Either that or he would wind up in a sanitary landfill somewhere, maybe join the missing-persons list with Jimmy Hoffa and the rest of gangland’s greatest hits.

In human terms, Marsh Lockwood didn’t care what happened to the Mob accountant, once he did his part to ring the curtain down on Leo B. Conviction on a shopping list of RICO charges would eliminate Balducci as a force to reckon with inside the Mob, strike one more target off the federal hit list.

When Leo B. was safely locked away, then Ira Goldblum could be shuffled off to Phoenix, San Francisco, Newark—anywhere the Feds decided he would stand at least an even chance of living out his days. What happened after that was largely up to Ira—and considering his mouth, Lockwood thought he would be lucky to survive six months. without a full-time bodyguard.

Tough luck.

The Playmate of the Month was honey blond and well endowed, fond of skiing, skydiving and “watersports.” Her hot-tub layout made Lockwood feel a bit on the athletic side himself.

He had the gatefold open on his knees, examining a choice tattoo, when thunder rocked the lodge. The sound of small-arms fire vaulted Lockwood off the toilet, spilling Miss July at his feet. She held her enigmatic smile as he yanked up his trousers, grappled with the belt one-handed, reaching for his Smith & Wesson automatic on the run.

Two hours in the fucking safehouse, and it had already blown up in his face. The best that he could do was try and save it now.

And maybe, in the process, save himself.

The cleaner went in shooting, his eyes skimming over the four men spread around the living room, three with weapons showing. On his right was a massive black man, first gaping at the unexpected new arrival, then exploding from his chair. The cleaner shot him in the face, one hollowpoint enough to blow his head apart as if it were a melon stuffed, with fireworks.

That left three alive, but only two who counted at the moment. Over on his left, a skinny redhead; and a guinea had been setting up a card game by the window, but they had to react in a hurry, reaching for their guns and cursing as the cleaner swung around to bring them under fire.
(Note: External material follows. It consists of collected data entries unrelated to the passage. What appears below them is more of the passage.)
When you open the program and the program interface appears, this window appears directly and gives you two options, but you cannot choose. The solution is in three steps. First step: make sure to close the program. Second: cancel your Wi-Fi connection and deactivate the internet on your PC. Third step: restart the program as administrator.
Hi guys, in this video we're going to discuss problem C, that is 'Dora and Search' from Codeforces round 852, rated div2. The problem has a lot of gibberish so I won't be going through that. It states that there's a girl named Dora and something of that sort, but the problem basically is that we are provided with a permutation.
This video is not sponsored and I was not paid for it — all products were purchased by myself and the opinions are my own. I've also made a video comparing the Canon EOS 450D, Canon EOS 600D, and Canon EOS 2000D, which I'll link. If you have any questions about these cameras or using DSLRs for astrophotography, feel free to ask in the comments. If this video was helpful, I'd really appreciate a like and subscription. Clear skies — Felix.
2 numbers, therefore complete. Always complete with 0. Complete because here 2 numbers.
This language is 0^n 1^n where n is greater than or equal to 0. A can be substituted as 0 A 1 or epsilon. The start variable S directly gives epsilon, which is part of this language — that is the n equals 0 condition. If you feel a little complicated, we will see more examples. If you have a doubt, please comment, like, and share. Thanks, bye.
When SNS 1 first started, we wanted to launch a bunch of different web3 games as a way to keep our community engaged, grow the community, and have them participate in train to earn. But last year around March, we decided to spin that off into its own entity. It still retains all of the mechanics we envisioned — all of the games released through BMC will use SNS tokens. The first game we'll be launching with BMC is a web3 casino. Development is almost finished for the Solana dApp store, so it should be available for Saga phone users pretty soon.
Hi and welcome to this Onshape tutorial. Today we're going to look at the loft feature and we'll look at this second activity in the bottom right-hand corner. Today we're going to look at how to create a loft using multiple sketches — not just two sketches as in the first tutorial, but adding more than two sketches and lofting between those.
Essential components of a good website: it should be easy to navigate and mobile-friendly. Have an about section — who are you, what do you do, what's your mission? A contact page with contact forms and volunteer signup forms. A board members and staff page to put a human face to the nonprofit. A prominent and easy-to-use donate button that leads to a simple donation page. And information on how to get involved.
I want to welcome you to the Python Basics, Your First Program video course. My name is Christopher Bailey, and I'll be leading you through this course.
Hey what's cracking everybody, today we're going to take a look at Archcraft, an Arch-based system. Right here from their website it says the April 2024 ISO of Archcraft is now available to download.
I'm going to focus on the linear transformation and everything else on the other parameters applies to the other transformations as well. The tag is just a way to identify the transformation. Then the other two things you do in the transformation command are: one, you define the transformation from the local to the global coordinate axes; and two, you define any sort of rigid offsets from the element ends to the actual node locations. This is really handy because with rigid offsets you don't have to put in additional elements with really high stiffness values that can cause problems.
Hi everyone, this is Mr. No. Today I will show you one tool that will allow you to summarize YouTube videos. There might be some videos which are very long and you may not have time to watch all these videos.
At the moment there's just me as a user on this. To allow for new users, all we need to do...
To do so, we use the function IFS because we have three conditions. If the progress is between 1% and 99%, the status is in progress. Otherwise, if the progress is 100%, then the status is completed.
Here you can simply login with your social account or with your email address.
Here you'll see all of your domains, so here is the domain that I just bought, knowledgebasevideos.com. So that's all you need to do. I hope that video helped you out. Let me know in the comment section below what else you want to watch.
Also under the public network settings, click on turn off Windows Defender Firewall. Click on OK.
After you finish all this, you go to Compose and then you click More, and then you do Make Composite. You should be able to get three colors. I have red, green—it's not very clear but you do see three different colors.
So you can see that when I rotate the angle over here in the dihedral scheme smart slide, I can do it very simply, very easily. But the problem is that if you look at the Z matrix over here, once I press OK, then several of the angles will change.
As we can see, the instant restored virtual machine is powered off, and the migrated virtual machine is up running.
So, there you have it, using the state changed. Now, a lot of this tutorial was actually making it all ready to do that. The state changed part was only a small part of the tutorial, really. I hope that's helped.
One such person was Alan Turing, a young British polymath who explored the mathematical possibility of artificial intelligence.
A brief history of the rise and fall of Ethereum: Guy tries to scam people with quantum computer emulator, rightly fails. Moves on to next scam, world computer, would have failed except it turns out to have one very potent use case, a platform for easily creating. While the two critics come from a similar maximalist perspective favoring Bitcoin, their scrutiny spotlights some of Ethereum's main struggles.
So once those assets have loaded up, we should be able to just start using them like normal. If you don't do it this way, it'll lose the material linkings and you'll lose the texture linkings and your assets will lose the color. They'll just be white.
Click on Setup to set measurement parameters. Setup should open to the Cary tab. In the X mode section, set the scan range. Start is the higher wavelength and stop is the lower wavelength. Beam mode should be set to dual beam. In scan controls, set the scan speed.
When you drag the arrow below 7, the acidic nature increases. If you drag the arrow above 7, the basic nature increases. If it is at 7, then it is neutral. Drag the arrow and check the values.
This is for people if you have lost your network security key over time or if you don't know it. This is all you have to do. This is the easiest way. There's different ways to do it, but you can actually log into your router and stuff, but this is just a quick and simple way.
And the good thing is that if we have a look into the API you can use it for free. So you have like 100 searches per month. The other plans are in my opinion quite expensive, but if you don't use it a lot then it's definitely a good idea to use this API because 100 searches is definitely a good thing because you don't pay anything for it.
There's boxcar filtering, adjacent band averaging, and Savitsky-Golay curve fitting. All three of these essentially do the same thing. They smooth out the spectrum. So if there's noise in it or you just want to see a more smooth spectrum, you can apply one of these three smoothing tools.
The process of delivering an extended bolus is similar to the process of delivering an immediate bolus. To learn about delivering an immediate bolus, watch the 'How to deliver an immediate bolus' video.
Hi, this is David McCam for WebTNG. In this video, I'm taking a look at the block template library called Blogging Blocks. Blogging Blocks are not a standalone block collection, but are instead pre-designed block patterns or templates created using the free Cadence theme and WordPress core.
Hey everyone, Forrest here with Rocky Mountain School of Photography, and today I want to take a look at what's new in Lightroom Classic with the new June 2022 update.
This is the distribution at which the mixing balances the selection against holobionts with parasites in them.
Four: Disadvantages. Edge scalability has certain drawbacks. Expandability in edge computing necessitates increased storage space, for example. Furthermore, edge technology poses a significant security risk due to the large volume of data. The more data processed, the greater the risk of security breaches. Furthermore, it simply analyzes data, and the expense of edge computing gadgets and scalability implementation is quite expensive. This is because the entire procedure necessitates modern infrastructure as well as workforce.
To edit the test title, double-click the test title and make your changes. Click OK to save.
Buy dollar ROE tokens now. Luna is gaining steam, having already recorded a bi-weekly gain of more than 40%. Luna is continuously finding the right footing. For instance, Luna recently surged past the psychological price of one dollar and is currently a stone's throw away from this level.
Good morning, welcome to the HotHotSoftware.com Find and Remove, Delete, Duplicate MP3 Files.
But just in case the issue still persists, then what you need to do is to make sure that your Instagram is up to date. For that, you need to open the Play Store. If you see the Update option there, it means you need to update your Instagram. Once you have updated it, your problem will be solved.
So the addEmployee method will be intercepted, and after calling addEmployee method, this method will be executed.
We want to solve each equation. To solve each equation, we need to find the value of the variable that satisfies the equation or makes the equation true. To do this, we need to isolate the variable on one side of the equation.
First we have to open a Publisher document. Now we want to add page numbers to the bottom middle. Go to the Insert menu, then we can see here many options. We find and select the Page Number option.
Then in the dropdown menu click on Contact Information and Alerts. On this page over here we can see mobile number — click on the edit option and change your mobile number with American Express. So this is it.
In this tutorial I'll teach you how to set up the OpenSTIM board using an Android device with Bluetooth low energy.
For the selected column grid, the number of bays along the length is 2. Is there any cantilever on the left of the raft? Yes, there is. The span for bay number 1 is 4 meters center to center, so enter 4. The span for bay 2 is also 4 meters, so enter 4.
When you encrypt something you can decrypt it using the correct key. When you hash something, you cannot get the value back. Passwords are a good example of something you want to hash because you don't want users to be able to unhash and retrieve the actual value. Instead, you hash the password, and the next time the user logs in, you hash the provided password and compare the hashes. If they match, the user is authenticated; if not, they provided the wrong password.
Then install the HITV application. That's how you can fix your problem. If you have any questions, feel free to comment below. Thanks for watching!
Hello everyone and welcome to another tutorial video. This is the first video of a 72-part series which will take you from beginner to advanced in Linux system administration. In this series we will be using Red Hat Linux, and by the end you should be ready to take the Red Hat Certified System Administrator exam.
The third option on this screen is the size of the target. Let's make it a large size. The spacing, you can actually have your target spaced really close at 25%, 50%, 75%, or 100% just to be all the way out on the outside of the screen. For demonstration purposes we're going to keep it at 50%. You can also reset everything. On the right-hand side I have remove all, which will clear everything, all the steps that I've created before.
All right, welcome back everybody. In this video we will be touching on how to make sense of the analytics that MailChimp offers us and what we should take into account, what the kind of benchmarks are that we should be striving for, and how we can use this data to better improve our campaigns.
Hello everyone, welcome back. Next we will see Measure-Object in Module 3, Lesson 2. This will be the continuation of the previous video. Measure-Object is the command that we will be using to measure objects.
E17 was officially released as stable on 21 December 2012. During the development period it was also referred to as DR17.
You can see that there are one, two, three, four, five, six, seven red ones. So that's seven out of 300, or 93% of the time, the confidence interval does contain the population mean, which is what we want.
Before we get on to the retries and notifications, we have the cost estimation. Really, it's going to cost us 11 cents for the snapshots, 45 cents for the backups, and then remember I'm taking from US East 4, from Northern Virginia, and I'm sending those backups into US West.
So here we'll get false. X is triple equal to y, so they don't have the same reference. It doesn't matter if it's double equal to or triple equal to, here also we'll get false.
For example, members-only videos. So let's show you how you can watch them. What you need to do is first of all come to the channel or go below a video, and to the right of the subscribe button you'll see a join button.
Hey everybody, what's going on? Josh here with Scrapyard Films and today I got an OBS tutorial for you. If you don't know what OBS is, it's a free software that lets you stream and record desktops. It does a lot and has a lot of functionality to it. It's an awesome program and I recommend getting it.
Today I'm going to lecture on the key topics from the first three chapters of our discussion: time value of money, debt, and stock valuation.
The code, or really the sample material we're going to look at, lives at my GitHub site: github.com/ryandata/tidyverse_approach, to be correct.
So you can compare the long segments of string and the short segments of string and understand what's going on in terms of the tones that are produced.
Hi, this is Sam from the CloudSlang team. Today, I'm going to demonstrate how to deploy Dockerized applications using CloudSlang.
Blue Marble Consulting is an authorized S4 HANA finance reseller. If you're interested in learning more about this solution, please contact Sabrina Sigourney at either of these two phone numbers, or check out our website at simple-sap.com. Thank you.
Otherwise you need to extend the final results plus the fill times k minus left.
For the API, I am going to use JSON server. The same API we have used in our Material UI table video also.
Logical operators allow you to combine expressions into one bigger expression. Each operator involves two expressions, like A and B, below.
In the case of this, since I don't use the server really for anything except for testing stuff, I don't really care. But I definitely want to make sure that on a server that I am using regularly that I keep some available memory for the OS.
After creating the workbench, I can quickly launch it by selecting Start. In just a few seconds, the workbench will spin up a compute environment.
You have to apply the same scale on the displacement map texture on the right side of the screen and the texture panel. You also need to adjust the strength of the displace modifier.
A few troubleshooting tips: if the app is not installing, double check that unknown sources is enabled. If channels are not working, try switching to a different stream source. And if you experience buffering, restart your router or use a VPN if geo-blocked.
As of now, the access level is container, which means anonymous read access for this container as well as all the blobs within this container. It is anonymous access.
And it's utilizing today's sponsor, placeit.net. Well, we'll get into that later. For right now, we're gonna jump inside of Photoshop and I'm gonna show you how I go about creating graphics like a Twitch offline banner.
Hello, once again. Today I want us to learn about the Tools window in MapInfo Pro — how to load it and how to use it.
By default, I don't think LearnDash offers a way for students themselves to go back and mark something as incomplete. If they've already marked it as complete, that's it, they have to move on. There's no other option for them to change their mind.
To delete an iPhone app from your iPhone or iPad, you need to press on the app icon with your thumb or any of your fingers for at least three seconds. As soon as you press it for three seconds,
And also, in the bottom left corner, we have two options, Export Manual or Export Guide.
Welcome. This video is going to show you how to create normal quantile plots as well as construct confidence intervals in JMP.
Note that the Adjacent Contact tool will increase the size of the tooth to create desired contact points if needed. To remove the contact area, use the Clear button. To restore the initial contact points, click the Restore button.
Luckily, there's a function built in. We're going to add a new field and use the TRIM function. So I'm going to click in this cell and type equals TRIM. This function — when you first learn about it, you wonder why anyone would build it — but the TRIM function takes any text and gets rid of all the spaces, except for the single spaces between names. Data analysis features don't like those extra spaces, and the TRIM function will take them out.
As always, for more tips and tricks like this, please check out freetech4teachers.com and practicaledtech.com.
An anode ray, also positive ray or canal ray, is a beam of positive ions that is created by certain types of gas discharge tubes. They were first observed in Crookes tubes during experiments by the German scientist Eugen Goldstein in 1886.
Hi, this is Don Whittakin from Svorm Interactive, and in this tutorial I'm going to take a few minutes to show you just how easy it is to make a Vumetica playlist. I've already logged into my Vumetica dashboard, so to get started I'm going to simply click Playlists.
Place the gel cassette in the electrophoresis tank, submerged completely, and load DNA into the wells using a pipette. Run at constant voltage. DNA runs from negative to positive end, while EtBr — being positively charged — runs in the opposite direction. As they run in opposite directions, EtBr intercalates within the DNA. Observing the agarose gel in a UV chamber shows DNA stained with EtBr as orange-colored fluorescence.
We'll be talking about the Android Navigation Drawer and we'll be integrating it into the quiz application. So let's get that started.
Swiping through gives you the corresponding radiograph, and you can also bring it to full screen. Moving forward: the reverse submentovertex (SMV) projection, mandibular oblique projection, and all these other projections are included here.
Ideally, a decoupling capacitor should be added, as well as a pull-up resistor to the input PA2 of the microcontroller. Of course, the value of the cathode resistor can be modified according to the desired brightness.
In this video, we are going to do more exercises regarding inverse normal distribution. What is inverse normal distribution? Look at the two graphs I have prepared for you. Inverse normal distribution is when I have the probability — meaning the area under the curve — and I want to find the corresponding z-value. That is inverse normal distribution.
He gave them two rounds each. The redhead vaulted over backward, crimson spouting from his chest. His shoulders slammed against the wall and left a dark smear as he slithered to the floor.

His partner had some moves, despite his chunky build. Some kind of fast-draw artist with his stainless-steel Smith & Wesson, pulling from a high-ride pancake holster on his hip and squeezing off two rounds in rapid fire.

The cleaner heard them whisper past his face and smiled as he returned fire, nailing down the guinea with a one-two in the bull’s-eye, opening his chest.

That left the rat.

He made a sorry spectacle, crouched down behind the sofa, crying and pleading for his life. What wasted effort. Any real man would have shrugged it off or made a last-ditch rash to grab the cleaner’s gun, but this one was a pussy.

“Jesus Christ, I didn’t wanna do this!” he blubbered. “They made me, don’t you see that? I can take it all back, change my statement—anything!”

“Too late,” the cleaner told him, stepping close enough to give the pussy one more chance. An easy grab from where he stood, one of his pistols almost touching Goldblum’s forehead.

“Please!”

He didn’t have to aim at that range, and he shot the whining bastard twice, to shut him up. Once more to grow on, as his body tumbled over backward, just because the cleaner hated cowards.

Done.

It had been all of sixty seconds since he stepped out of the closet, and he had twelve thousand dollars in the bag. How much was that per second?

Not too shabby.

He was turning toward the front door when a furtive scuffling sound behind him made him swivel, the twin Colts rising to confront another threat.

Marsh Lockwood smelled the blood and cordite as he burst into the living room. He saw the stranger, guns in hand. He swung around to face Lockwood, firing as he came, and the reports of two big .45s were deafening.